By Alan Beaulieu on Jan 28, 2020 11:49:03 AM
The US-Mexico-Canada trade agreement passed the Senate and will almost assuredly be signed by President Trump. Then it will be sent to Canada for approval. North America will soon have a new and improved trade agreement, generally known as the USMCA or, in Canada, NAFTA 2.0. We are often asked if this is a good thing for the US. Based on what we know so far, the answer appears to be that it will be potentially beneficial for some segments of the economy. So, it is a good day for freer trade with our two largest trading partners, at least as far as US exports are concerned.
The table below shows the importance of Canada and Mexico to US manufacturers, distributors, and exporters in general:
Exports (billions of USD)
|Canada||-2.6% D||$293.0 (Lowest in 18 months)|
|Mexico||-3.3% D||$256.8 (Declining off a Jan 2019 record high)|
|China||-14.2% A||$106.9 (Rising off a tentative Oct 2019 low)|
|World||-1.4% D||$1,644.1 (Declining off a Feb 2019 record high)|
The table provides for a few quick takeaways. First, we export more to Canada and to Mexico (singularly) than we do to China. In that regard, they are both more important trading partners to the US. Second, the 12/12s are all in negative territory (exports for the last 12 months are below the same time last year). Third, our exports to China have begun to rise, but what you cannot see is that they are rising off the lowest level we have experienced in the last 7.5 years. There is quite a hill to climb. Our exports to these nations and others are bound to improve as the global economy begins to pick up speed in the latter half of this year.
The table below shows the importance of the US to these nations:
Imports (billons of USD)
|Canada||-1.2% Da||$316.3 (Flat to mildly negative)|
|Mexico||3.9% C||$357.6 (Declining off a Sept 2019 record high)|
|China||-13.7% D||$464.5 (Declining off an Oct 2019 record high)|
$2,503.1 (Declining off a May 2019 record high)

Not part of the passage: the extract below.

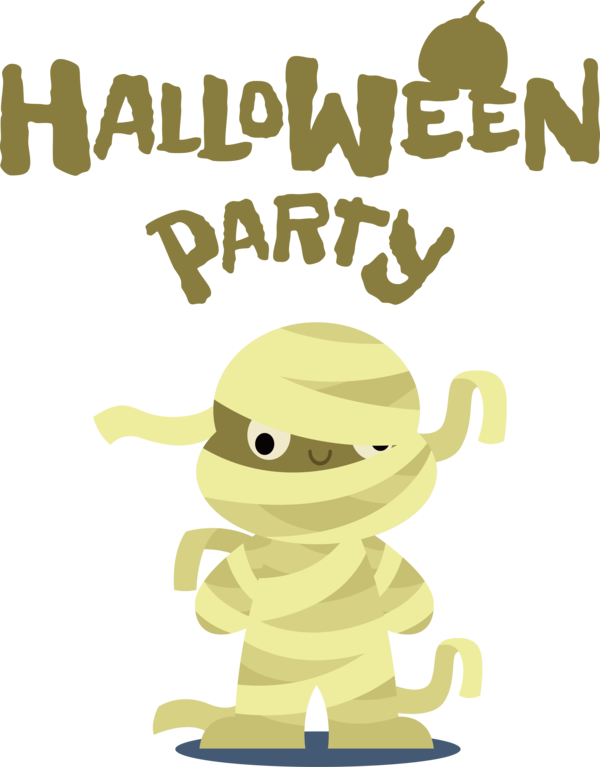 Transparent Halloween Human Cartoon Yellow for Halloween Party for Halloween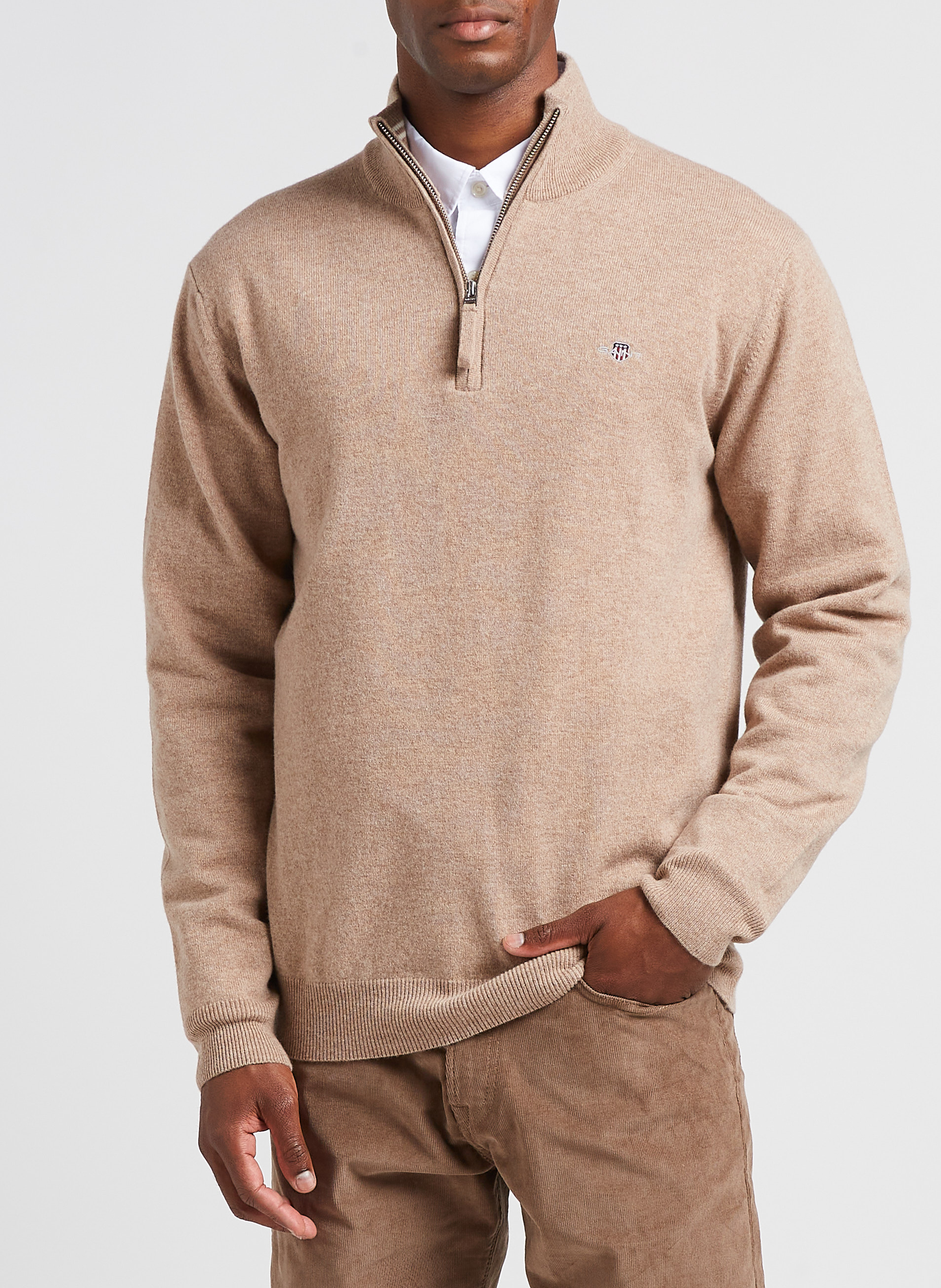 Pull droit col montant zippé en laine GANT Beige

The table shows that imports into the US are declining and that China is the largest source of imports. It is interesting to note that our neighbors to the north and south combine to be a much larger source of goods coming into the US. Thus, taken together, they are more important than China in terms of both exports and imports.
The USMCA addresses the automotive industry in several ways. There will be a requirement that 40% of automobile parts be produced in plants that have a minimum wage of $16/hr. This will put some wage pressure on Mexico. Autos must have a regional content of 75% to be tariff-free, and there is a new mandate that automobile manufacturers use North American steel and aluminum. The last requirement will take several years to roll out. Taken as a whole, the agreement should help bolster automobile and parts manufacturing in North America.
Some fear that the agreement will open the flood gates for automobiles from Canada and Mexico into the US. That is not likely to be the case. As is often so, the perception may be out of alignment with reality. The reality is that US light vehicle sales for the 12 months ending with November 2019 totaled $1.154 trillion. Imported light vehicles from Mexico ($50.999 billion) and Canada ($37.464 billion) account for 4.4% and 3.2% of light vehicle sales (assuming the imports are sold and not held in inventory). It is not likely that we will see a major jump in the proportion of imports to sales.
The USMCA also streamlines operations for businesses by updating digital trade and copyright rules and by reducing redundancy. In addition, the agreement is expected to increase certainty in the business community, and that will be welcomed by importers and exporters alike. Not everyone will like every aspect of the agreement, but that is the nature of diplomacy and compromise.